### INFORMATION GIVEN
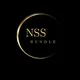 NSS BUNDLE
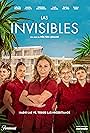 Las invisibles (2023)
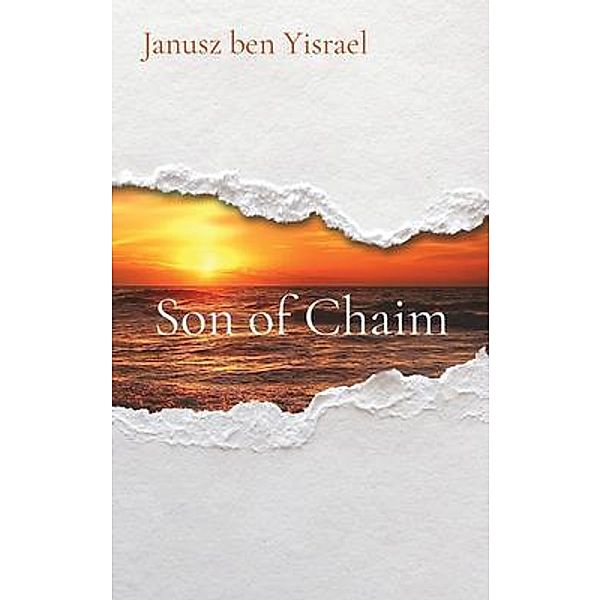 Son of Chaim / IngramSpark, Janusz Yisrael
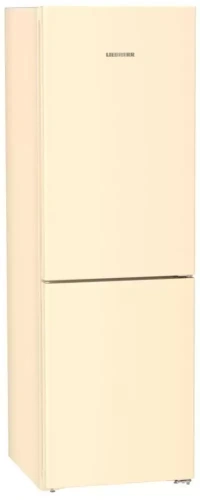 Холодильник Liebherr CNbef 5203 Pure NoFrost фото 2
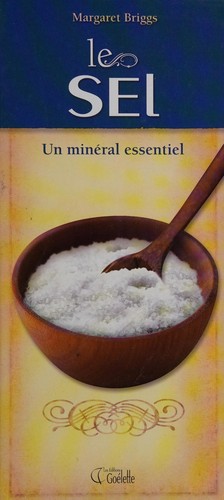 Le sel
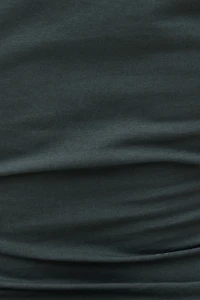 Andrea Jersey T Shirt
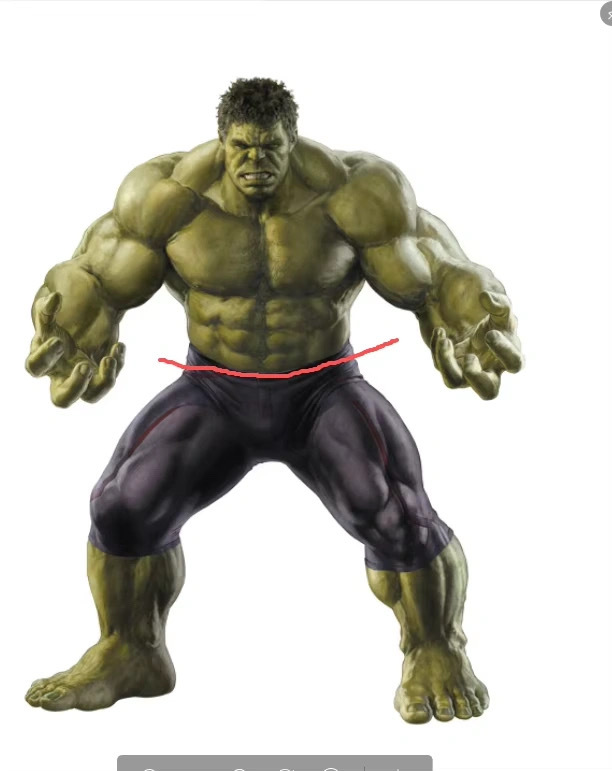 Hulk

--

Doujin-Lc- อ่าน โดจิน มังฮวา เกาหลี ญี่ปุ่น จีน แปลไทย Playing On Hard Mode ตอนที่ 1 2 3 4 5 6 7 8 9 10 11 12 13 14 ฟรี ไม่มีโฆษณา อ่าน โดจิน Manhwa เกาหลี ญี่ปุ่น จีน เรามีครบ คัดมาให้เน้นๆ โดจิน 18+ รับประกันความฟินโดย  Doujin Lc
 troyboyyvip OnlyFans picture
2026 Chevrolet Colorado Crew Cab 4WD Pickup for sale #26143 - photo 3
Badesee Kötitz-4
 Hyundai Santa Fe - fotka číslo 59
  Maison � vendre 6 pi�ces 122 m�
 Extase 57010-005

--

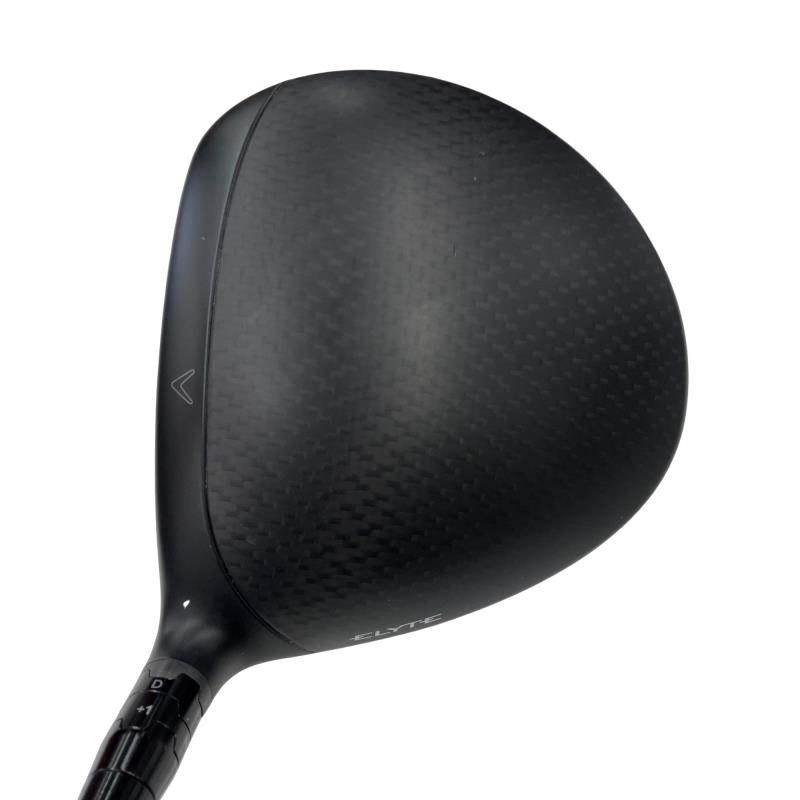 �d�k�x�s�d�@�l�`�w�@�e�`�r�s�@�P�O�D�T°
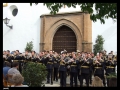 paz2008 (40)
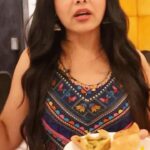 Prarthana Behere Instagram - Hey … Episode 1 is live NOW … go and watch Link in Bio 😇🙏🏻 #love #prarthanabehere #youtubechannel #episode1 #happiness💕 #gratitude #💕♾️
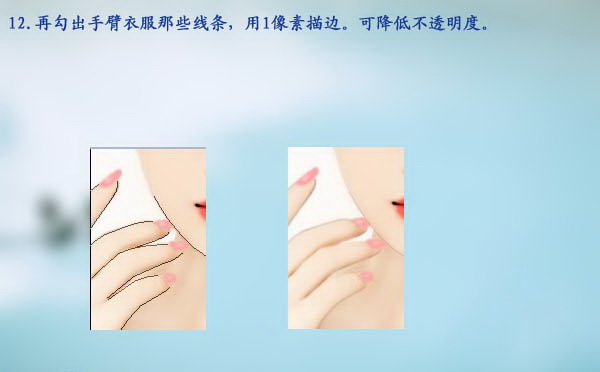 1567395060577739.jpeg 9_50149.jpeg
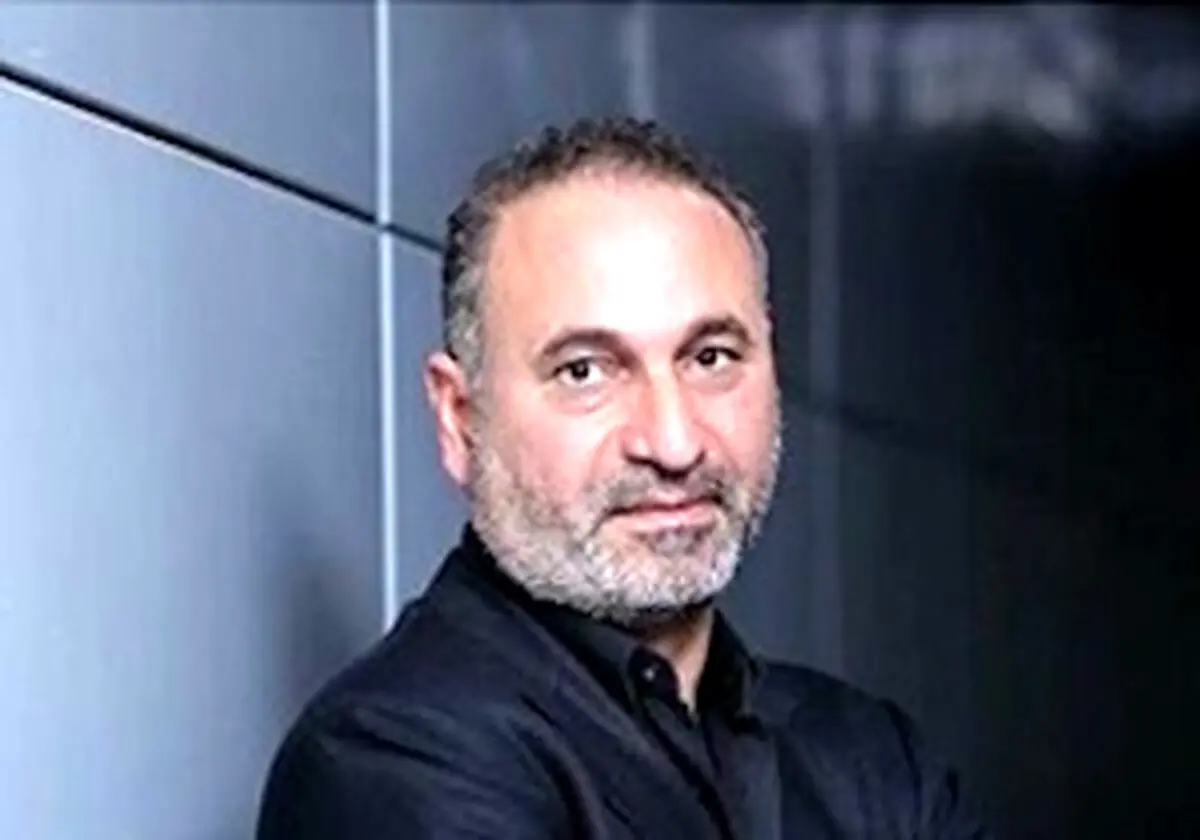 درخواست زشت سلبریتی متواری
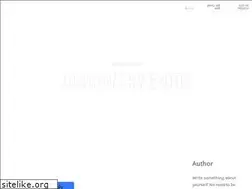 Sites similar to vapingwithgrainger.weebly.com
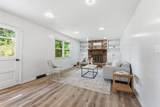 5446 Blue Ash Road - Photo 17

### WHAT IS REQUIRED
Look above for the line with "Hyundai Santa Fe - fotka číslo 59" and the line with "Extase 57010-005", and reproduce exactly those two lines plus every line between, nothing more.

### REPLY TO THE TASK
 Hyundai Santa Fe - fotka číslo 59
  Maison � vendre 6 pi�ces 122 m�
 Extase 57010-005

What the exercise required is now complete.